**Dataset entries:**
▬▬▬▬▬▬▬▬▬▬

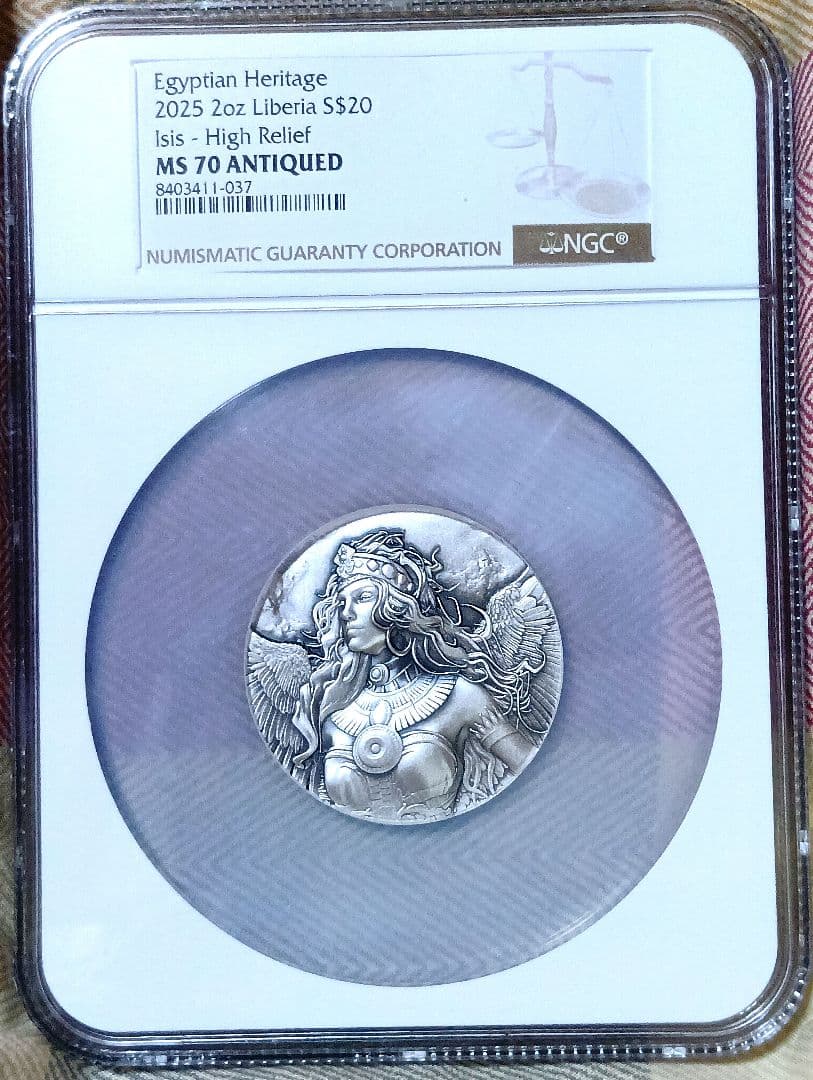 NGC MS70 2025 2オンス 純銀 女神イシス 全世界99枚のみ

▬▬▬▬▬▬▬▬▬▬

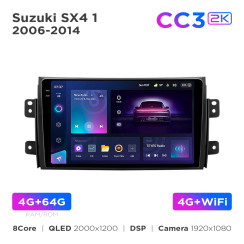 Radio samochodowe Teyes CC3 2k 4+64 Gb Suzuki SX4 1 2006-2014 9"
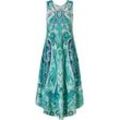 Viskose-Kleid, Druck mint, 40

▬▬▬▬▬▬▬▬▬▬

**Work instructions:**
The stretch to restate runs from the line above containing "Radio samochodowe Teyes" through the line containing "Viskose-Kleid, Druck mint, 40". Copy it word for word, ends included, without pictures.

**Answer below:**
 Radio samochodowe Teyes CC3 2k 4+64 Gb Suzuki SX4 1 2006-2014 9"
 Viskose-Kleid, Druck mint, 40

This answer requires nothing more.